[Collection entries]

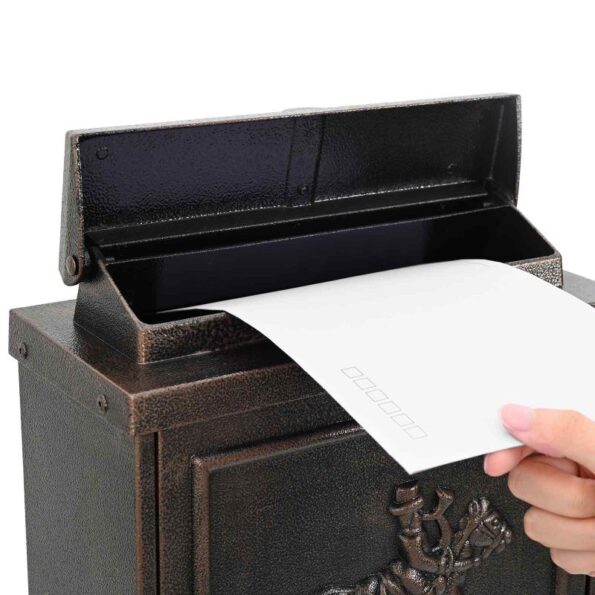 vidaXL Nástenná poštová schránka s úložiskom Bronzová 29 x 13 x 41 cm – Obrázok 3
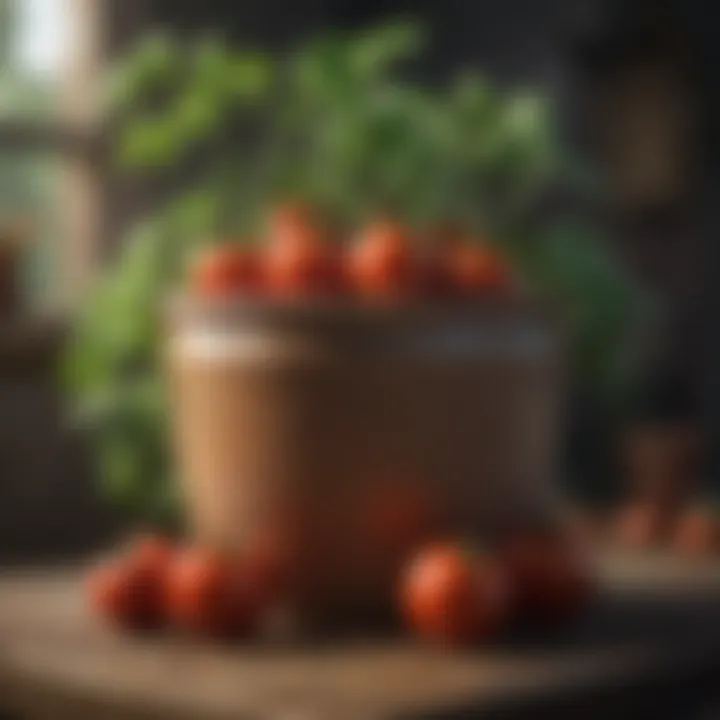 Close-up of tomatoes growing in a pot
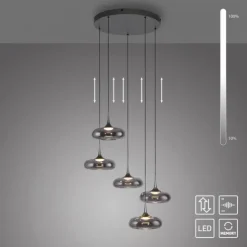 Schöner Wohnen-Kollektion LED Pendelleuchte POSH, grau, 5-flammig, dimmbar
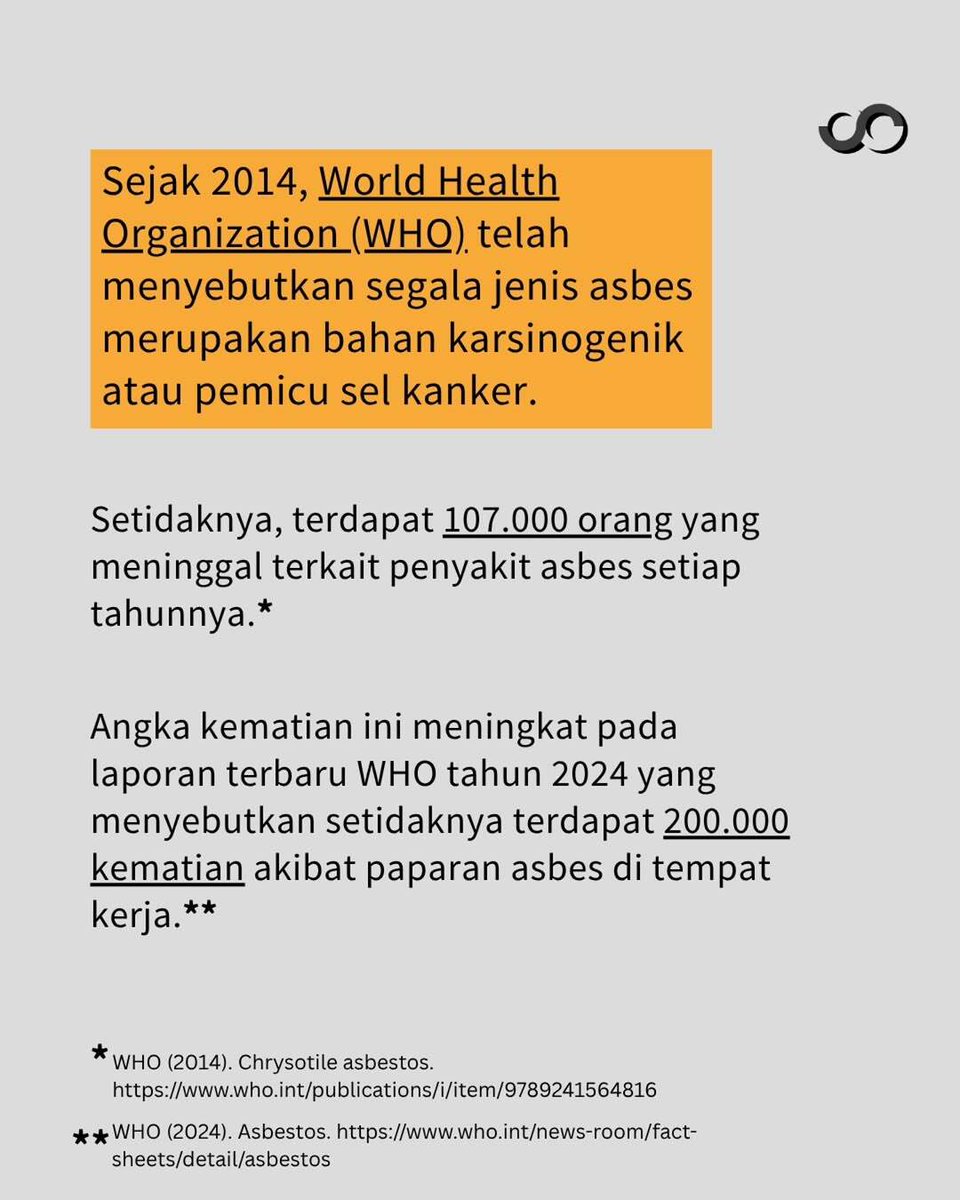 Diakronikcom's tweet photo. Temuan riset dr. Anna Suraya ini juga memberikan gambaran jelas bahwa penyakit yang ditimbulkan dari paparan asbes berbeda dengan penyakit abnormalitas paru pada umumnya. https://t.co/qD7nVwxUgy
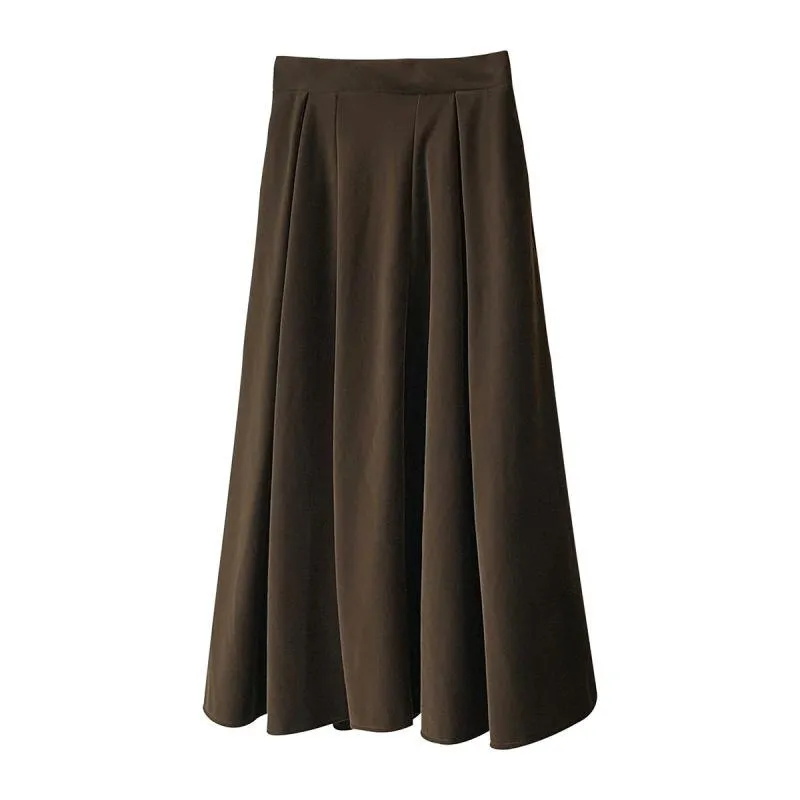 [Korean Style] High Quality French Style Pleated A Line Midi Skirt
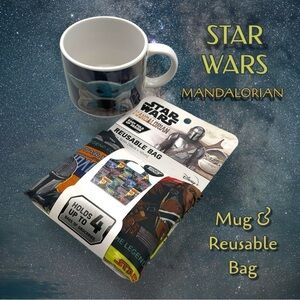 Star Wars MANDALORIAN Coffee Mug and NWT Reusable Shopping Bag Bundle
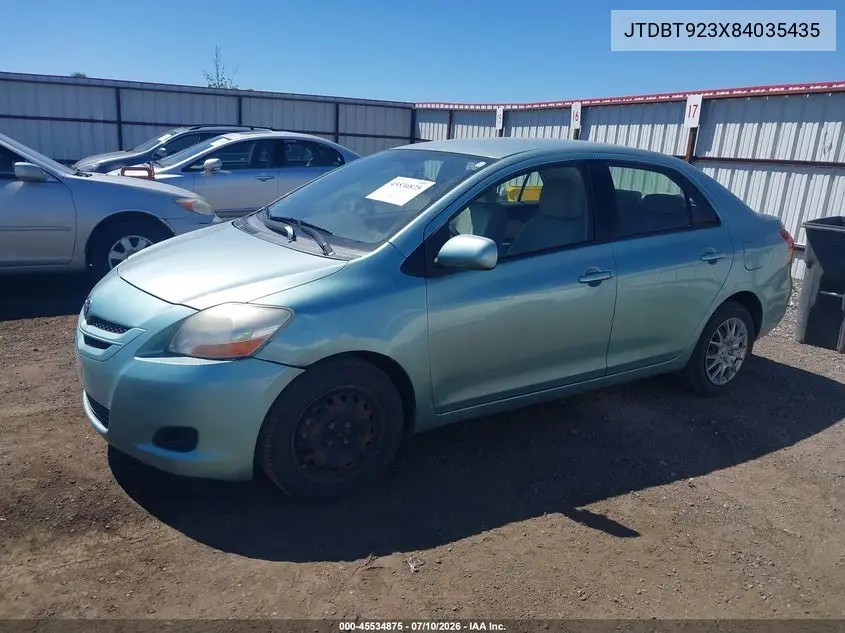 2008 Toyota Yaris VIN: JTDBT923X84035435 Lot: 45534875
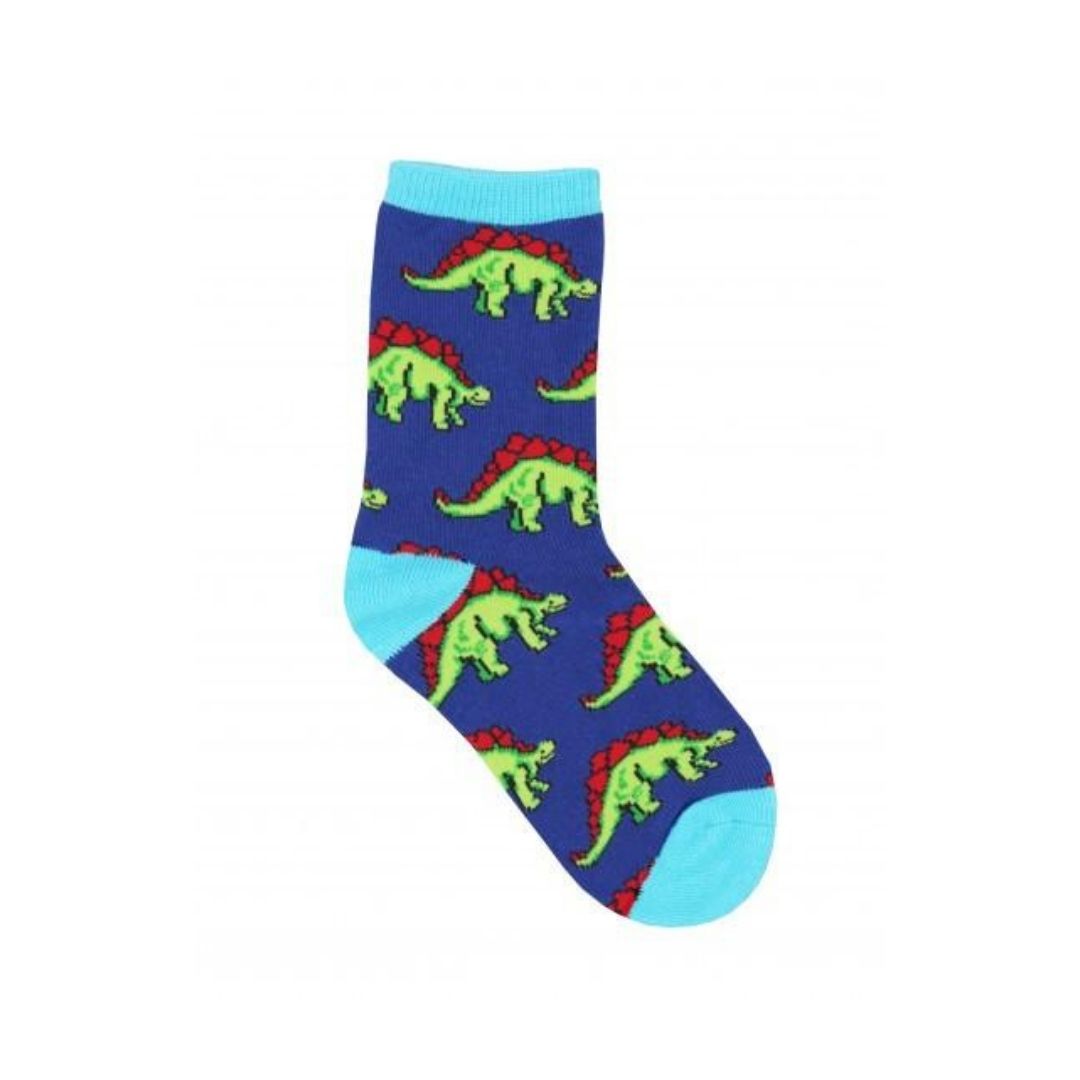 Dark blue sock with stegosaurus and light blue cuff, heel and toe cap.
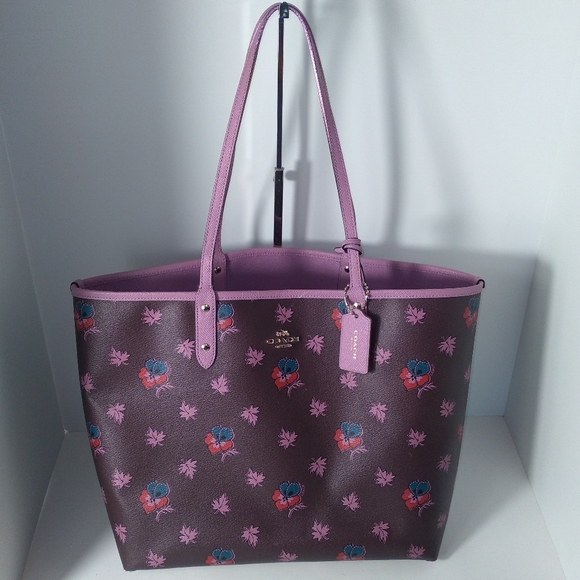 Authentic Coach F1747-F12176 Reversible Lavender/Brown Wild Flower City Tote - Picture 5 of 16
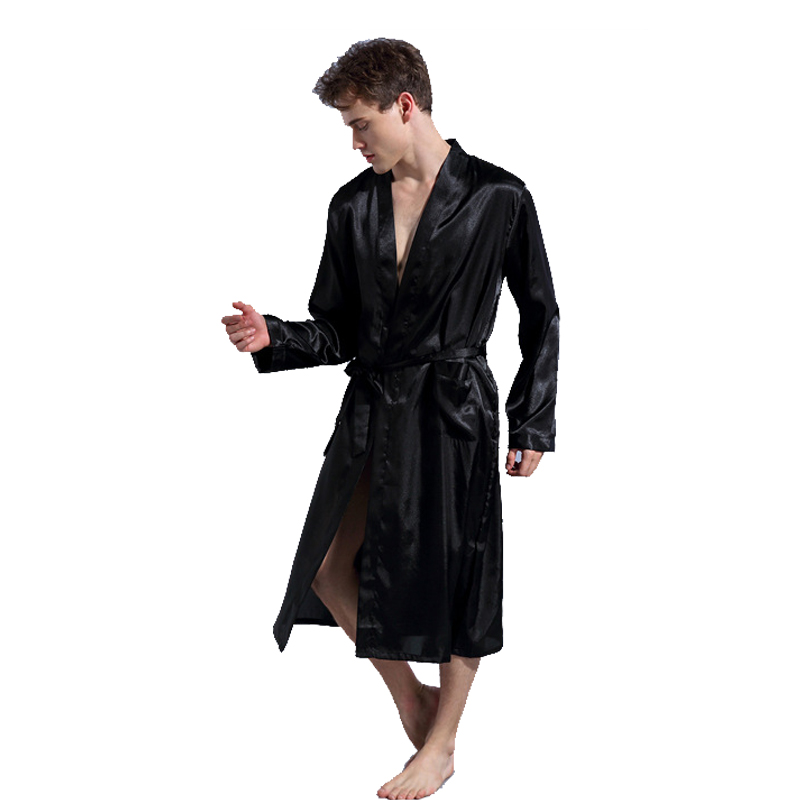 Solid Black Robe Groomsman Robe Men Bath Robe Summer Casual Sleepwear Sleepwear Kimono Yukata Bathrobe Gown Groomsman Night robe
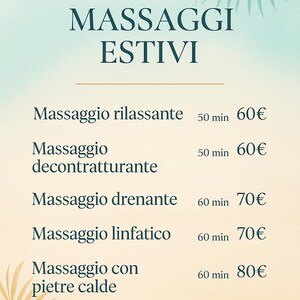 Template Canva Listino Massaggi Estivi | Grafica Personalizzabile per Estetiste | Trattamenti Corpo Estate | PDF e Immagini Incluse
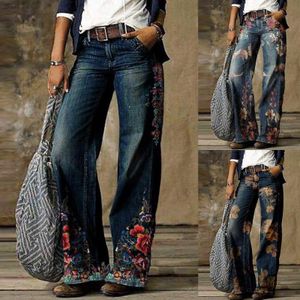 Floral Imprimir Largo Perna Calças De Jeans Mulher Retro Cintura Cintura Calças Calças Para As Mulheres Loose Largura Pant Calças Calças Mulheres Longas Calças de Jeans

**What is expected**
Write out exactly, and nothing more than, the lines of the entries above from the line containing "Diakronikcom's tweet photo." through the final line; omit any pictures.

**Answer to the exercise**
 Diakronikcom's tweet photo. Temuan riset dr. Anna Suraya ini juga memberikan gambaran jelas bahwa penyakit yang ditimbulkan dari paparan asbes berbeda dengan penyakit abnormalitas paru pada umumnya. https://t.co/qD7nVwxUgy
 [Korean Style] High Quality French Style Pleated A Line Midi Skirt
 Star Wars MANDALORIAN Coffee Mug and NWT Reusable Shopping Bag Bundle
 2008 Toyota Yaris VIN: JTDBT923X84035435 Lot: 45534875
 Dark blue sock with stegosaurus and light blue cuff, heel and toe cap.
 Authentic Coach F1747-F12176 Reversible Lavender/Brown Wild Flower City Tote - Picture 5 of 16
 Solid Black Robe Groomsman Robe Men Bath Robe Summer Casual Sleepwear Sleepwear Kimono Yukata Bathrobe Gown Groomsman Night robe
 Template Canva Listino Massaggi Estivi | Grafica Personalizzabile per Estetiste | Trattamenti Corpo Estate | PDF e Immagini Incluse
 Floral Imprimir Largo Perna Calças De Jeans Mulher Retro Cintura Cintura Calças Calças Para As Mulheres Loose Largura Pant Calças Calças Mulheres Longas Calças de Jeans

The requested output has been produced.